## Task requirements
Beginning at the top of the material, repeat each line exactly, and stop once the line with "<p>Chris, a sidewalk" has been written.

## Listed entries

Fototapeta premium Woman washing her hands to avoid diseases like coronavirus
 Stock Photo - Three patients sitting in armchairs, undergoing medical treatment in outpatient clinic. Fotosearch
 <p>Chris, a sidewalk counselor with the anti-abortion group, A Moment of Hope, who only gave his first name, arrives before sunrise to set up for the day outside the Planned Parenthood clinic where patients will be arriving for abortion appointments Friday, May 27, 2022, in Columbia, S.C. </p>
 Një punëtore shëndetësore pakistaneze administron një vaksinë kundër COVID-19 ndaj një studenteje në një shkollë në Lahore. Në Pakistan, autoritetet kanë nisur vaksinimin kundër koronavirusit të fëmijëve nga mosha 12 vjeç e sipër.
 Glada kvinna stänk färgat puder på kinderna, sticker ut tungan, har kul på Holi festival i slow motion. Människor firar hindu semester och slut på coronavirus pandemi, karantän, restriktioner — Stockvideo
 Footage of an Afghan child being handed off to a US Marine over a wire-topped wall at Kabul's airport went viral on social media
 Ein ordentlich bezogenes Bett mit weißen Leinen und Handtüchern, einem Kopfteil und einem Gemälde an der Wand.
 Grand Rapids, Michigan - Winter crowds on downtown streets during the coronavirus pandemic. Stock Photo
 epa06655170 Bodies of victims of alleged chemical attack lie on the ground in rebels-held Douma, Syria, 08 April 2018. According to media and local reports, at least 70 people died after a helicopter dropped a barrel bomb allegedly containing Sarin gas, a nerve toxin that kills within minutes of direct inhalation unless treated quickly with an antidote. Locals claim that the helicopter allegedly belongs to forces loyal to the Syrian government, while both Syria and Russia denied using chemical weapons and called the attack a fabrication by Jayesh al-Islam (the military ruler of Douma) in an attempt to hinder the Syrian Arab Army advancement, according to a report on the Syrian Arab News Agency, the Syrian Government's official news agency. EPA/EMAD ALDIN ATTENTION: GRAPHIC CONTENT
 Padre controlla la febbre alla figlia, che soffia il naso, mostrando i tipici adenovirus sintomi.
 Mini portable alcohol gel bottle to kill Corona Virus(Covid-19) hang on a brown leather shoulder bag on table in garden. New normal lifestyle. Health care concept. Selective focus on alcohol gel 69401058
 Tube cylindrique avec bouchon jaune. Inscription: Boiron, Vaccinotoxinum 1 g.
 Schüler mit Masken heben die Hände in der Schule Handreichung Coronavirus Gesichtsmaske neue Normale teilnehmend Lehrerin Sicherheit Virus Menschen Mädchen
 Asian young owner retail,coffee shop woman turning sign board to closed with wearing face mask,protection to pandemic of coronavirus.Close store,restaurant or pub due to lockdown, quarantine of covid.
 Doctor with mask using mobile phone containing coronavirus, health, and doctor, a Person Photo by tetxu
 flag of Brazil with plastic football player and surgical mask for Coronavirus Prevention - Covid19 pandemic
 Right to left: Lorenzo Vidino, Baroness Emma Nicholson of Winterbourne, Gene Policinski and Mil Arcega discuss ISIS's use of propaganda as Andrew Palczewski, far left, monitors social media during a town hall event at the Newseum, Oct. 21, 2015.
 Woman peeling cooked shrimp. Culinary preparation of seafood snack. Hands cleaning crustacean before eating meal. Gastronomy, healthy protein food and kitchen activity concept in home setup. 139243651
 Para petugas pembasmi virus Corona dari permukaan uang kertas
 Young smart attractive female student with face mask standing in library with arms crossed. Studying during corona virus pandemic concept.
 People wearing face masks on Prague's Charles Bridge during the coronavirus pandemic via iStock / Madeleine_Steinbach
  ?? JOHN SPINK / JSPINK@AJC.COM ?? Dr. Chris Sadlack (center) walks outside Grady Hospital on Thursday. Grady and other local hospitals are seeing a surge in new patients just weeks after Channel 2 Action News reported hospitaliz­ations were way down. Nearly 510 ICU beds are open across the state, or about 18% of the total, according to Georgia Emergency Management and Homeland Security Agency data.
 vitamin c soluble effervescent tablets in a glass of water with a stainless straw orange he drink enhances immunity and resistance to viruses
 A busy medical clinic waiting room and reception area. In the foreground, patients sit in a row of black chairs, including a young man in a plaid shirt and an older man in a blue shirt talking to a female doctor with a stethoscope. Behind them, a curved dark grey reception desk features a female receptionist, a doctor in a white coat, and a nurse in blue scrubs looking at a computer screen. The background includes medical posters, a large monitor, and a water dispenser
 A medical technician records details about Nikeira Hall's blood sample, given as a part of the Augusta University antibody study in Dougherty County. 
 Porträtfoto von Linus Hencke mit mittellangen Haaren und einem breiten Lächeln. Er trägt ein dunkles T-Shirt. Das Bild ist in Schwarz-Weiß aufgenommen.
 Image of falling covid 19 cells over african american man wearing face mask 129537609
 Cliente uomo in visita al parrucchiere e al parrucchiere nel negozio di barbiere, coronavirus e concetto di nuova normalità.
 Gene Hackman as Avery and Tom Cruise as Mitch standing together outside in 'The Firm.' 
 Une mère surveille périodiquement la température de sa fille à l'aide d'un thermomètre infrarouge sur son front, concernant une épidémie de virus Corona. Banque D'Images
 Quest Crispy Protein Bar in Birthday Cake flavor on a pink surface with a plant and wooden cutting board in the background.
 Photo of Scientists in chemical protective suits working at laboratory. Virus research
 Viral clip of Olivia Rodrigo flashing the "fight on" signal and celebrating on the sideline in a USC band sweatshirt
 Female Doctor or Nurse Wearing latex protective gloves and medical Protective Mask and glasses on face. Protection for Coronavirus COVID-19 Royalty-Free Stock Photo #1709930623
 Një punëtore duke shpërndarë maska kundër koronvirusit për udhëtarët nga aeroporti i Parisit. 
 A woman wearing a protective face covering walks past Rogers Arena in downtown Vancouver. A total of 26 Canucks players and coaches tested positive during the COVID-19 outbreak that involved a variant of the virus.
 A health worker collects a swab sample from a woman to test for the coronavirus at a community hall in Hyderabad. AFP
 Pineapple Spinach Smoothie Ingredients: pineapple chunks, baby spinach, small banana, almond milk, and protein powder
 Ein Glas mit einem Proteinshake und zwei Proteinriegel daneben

## Answer box
Fototapeta premium Woman washing her hands to avoid diseases like coronavirus
 Stock Photo - Three patients sitting in armchairs, undergoing medical treatment in outpatient clinic. Fotosearch
 <p>Chris, a sidewalk counselor with the anti-abortion group, A Moment of Hope, who only gave his first name, arrives before sunrise to set up for the day outside the Planned Parenthood clinic where patients will be arriving for abortion appointments Friday, May 27, 2022, in Columbia, S.C. </p>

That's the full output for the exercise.